Information has significant impacts on decision-making arising in every decision, control, and learning problems in various contexts. The main thrust of my research is to investigate the interaction between information and decision-making in large networks in the presence of unknown and uncertain environments. My research has focused mainly on the theory and applications of large-scale decentralized stochastic systems and control, games, and learning, combining stochastic optimal control theory, game theory, incentive design, and learning theory. Some of my current research projects include:
Large stochastic games, teams, and their mean-field limits
Learning and approximations of near-optimal decisions
Stochastic incentive designs and data analytics
Learning in large games and teams
A class of decision-making problems where decision-makers have a common cost is called team problems. Such problems are quite general, with an abundance of applications involving many areas of operations research, applied mathematics, and engineering such as decentralized stochastic control, financial systems, networked control, cooperative systems, sensor networks, and energy market. Several real-life competitive game scenarios occur on a team basis.

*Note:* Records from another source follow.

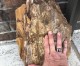 Petrified Wood From Ross Cemetery At Shover Springs Returns Home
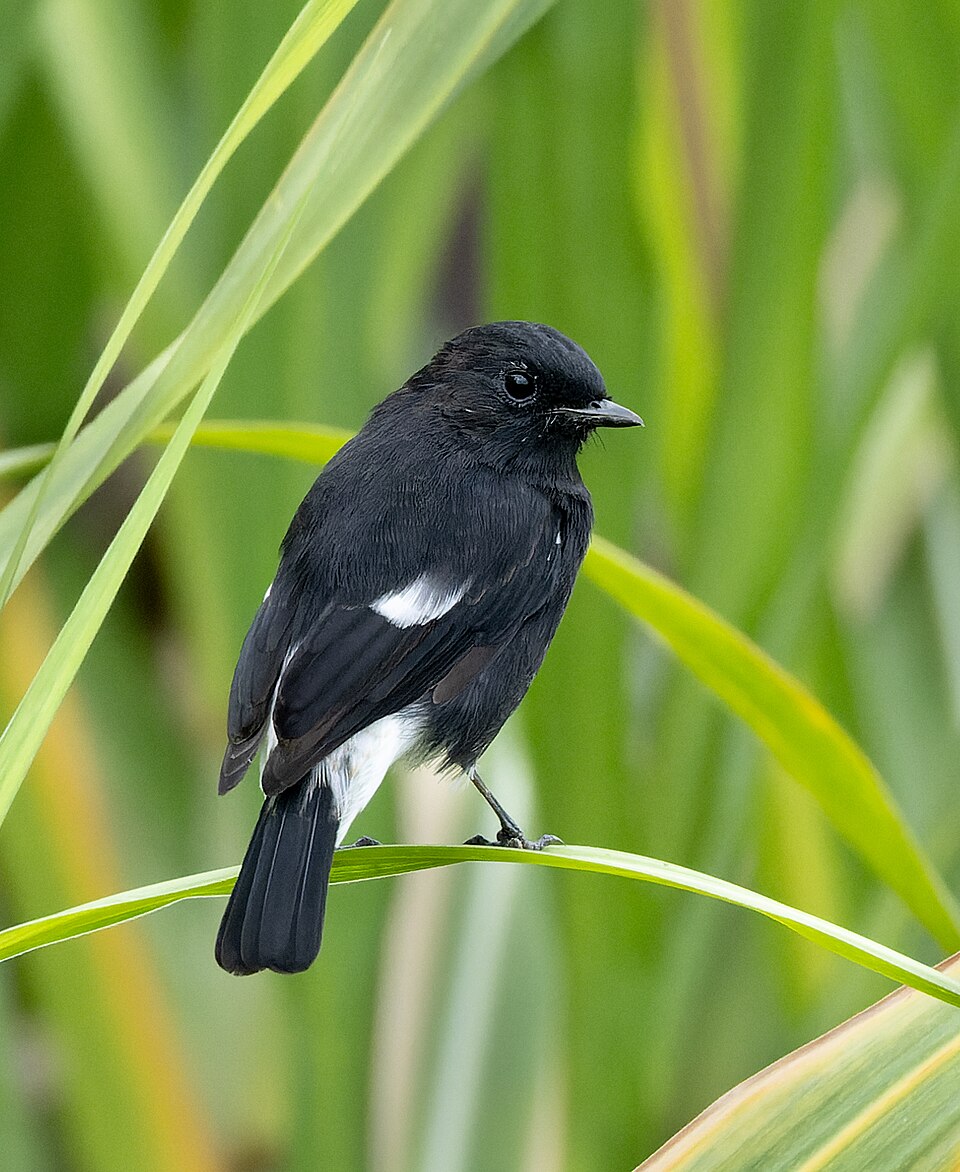 Pied Bush Chat
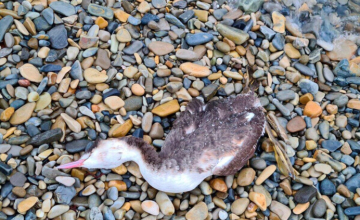 რატომ იღუპებიან ზღვის სანაპიროზე ფრინველები - აფხაზი ეკოლოგი სავარაუდო მიზეზებზე
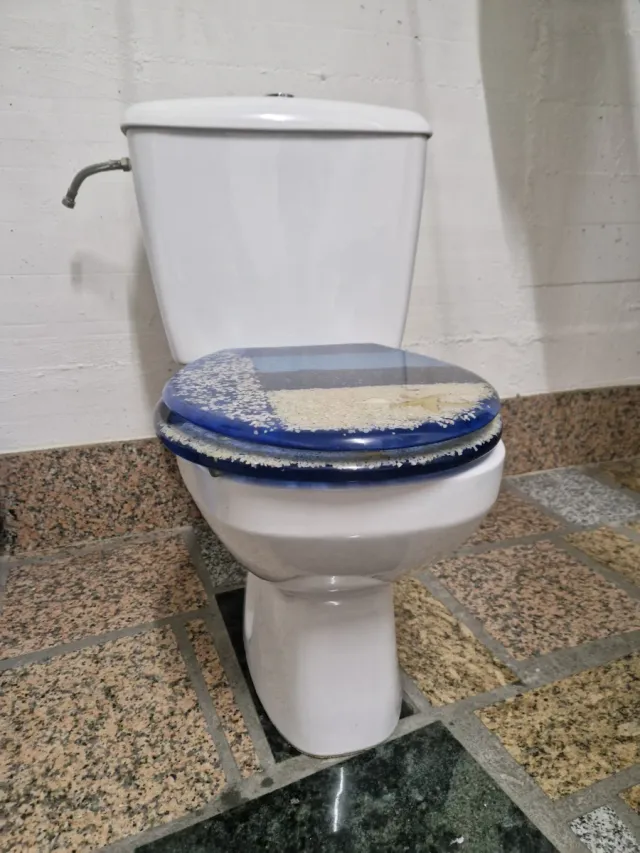 Inodoro marca Gala blanco, tapa en azul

For example, in industries such as technology development and manufacturing, organizing employees into teams is an effective way to improve performance and enhance productivity compared to a single decision-maker arrangement. These can be modeled by viewing them as games problem among teams. The information structure characterizes the interaction of information and decision-making, which plays a pivotal role in the existence, and approximations of solutions. For example, the celebrated Witsenhausen's counterexample demonstrates the difficulty of obtaining optimal solutions, arising from considering a decentralized information structure. Depending on the information of the problem, finding the solution can be computationally intractable even for problems with a finite number of decision-makers. The complexity often exacerbates as the number of decision-makers increases. My research in this area establishes the existence, approximations, and structural results for optimal solutions to these problems.
S. Sanjari, N. Saldi, and S. Yüksel, "Optimality of Independently Randomized Symmetric Policies for Exchangeable Stochastic Teams with Infinitely Many Decision Makers", Mathematics of Operations Research, 2022 (pdf), (arXiv)

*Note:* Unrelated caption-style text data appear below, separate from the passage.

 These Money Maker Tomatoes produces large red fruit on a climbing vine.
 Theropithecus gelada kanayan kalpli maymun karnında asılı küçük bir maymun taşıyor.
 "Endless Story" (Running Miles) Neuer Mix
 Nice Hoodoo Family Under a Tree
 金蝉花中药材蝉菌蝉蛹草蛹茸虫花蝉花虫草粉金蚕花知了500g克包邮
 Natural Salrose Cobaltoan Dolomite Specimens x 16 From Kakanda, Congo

S. Sanjari and S. Yüksel, "Optimal Policies for Convex Symmetric Stochastic Dynamic Teams and their Mean-field Limit", SIAM Journal on Control and Optimization, 2021, v. 59, pp. 777-804 (pdf).

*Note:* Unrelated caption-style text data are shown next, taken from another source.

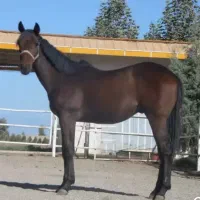 اسب نریان کرد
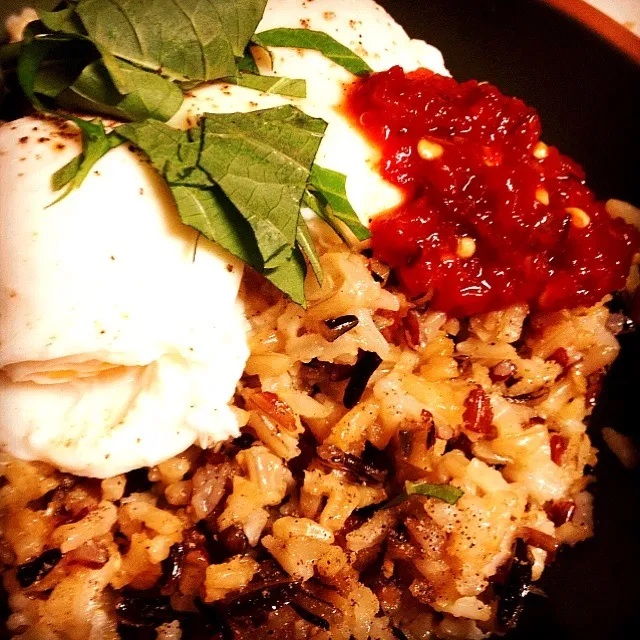 Health food (kind of), poached eggs, wild rice, torn shiso, sambal|andrew franciscoさん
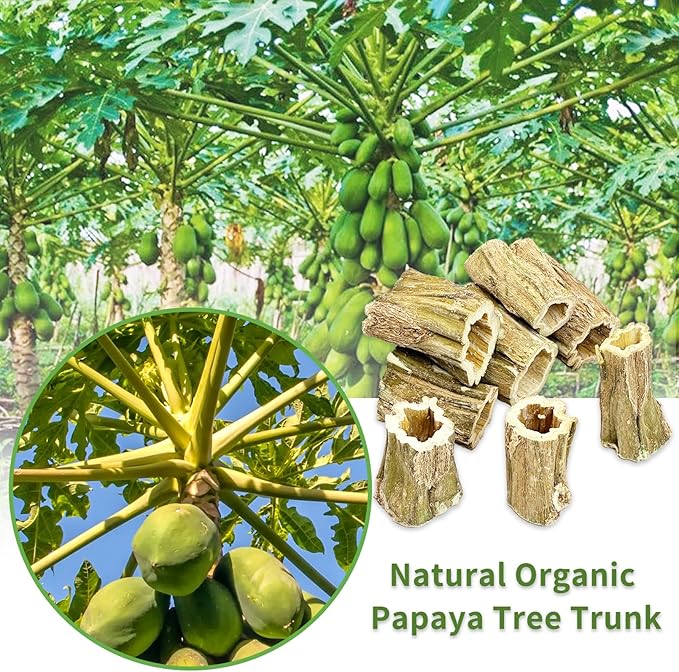 Fhiny Rabbit Chew Toys, 8 PCS 2" Natural Papaya Wood Chew Sticks Guinea Pig Treats for Dental Care Bunny Treats for Rabbits Small Pet Molar Snacks for Bunny Guinea Pig Chinchilla Hamster Gerbil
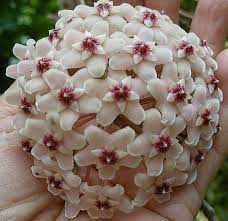 Pin On Rare Houseplants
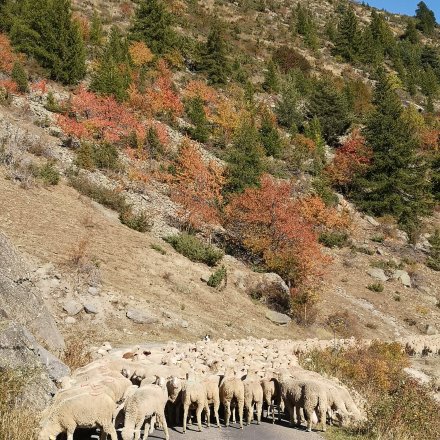 Moutons sur chemin de trail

S. Sanjari, T. Başar, and S. Yüksel, "Isomorphism Properties of Optimality and Equilibrium Solutions under Equivalent Information Structure Transformations: Stochastic Dynamic Games and Teams'', SIAM Journal on Control and Optimization, to appear (2023) (arXiv-Games, arXiv-Teams).
S. Sanjari, N. Saldi, and S. Yüksel, "Nash Equilibria for Exchangeable Team against Team Games, their Mean Field Limit, and Role of Common Randomness", 2022 (arXiv)
In decision-making problems, decision-makers often do not exactly know their cost and dynamic structures. Decision-making and learning should take place given data on the underlying model for each decision-maker. A thread of work on learning studies such a setting. Can decision-makers adopt an algorithm that allows them to learn the uncertainties while making "optimal" decisions? My research in this area analyzes decentralized algorithms that lead to computationally efficient methods for learning near-optimal decisions leveraging infinite-dimensional statistical learning tools such as reproducing kernel Hilbert space (RKHS) technique, where optimal value functions and/or policies can be embedded in an infinite-dimensional Hilbert space whose elements can be represented via a positive-semi definite kernel. My main goal in this direction is to address challenges in numerical computations in the presence of big data.
B. Hou, S. Sanjari, N. Dahlin, S. Bose, U. Vaidya "Sparse Learning of Dynamical Systems in RKHS: An Operator-Theoretic Approach '', International Conference on Machine Learning (ICML 2023) (pdf).
B. Hou, S. Sanjari, N. Dahlin, S. Bose "Compressed Decentralized Learning of Conditional Mean Embedding Operators in Reproducing Kernel Hilbert Spaces'', AAAI Conference on Artificial Intelligence 2022 (pdf).
Another important class of decision-making problems corresponds to those that are hierarchical and often involve a leader and a collection of followers with possibly different goals. For these problems, the leader seeks a policy to induce the desired behavior among followers. As an example, consider a duopoly with government regulation that designs regulation strategies to incentivize competitive behavior among suppliers toward social welfare. It is not difficult to surmise that the leader can design a threat policy that seeks to penalize the followers heavily for marginally deviating from the leader's desired policy response from the followers. However, such policies are unsavory for a policy-maker; one seeks an incentive policy that levies a penalty on followers that is commensurate with the extent of deviation from the desired response. Does such a policy exist? My research in this area analyzes learning, robustness, and data-driven methods for designing leader's incentive policies for both finite populations and high populations for the followers.
S. Sanjari, S. Bose, and T. Başar, "Incentive Designs for Stackelberg Games with a Large Number of Followers and their Mean-Field Limits'', 2022 (arXiv)
S. Sanjari, S. Bose, and T. Başar, "Signaling-Based Robust for Incentive Designs with Randomized Monitoring'', World Congress of the International Federation of Automatic Control (IFAC 2023) (pdf)
Learning in multi-player games and teams is more challenging than in the single-player setting. In the multi-player learning setting, the players do not know the dynamics and costs' structures but they observe only their private cost realizations. In that, the independent (decentralized) learner does not necessarily share the history of their private actions. Lack of this knowledge leads to inefficient/insufficient exploration which might lead to incomplete learning since players cannot coordinate to explore the state-action space thoroughly, and hence, they face a non-stationary environment from the player's perspective. In addition to this difficulty which is common in games and teams, in the team setting, independent learners face an additional difficulty to learn a globally optimal solution which requires coordination among players to assist them in escaping from local optimal solutions. When we are dealing with large games and teams, this issue will be more prominent. My research in this area lies in two main settings. The first setting is on learning Nash equilibria for large games among teams, where my research studies learning algorithm with the guarantee of converging to a Nash equilibrium. The second setting is on the combination of equilibrium selection and learning for games, where a knowledgeable leader/designer desires to guide the players toward a specific optimal solution by affecting the dynamics and costs via selecting policies. This setting is inspired by applications in the market and incentive design.
"Learning Incentive Equilibrium for Stackelberg Games'' with A. Guclu, S. Bose, and T. Başar.
''Learning to Cooperate in Stochastic Teams with Guidance of a Knowledgeable Player'' with N. Dahlin, V. Subramanian, S. Bose.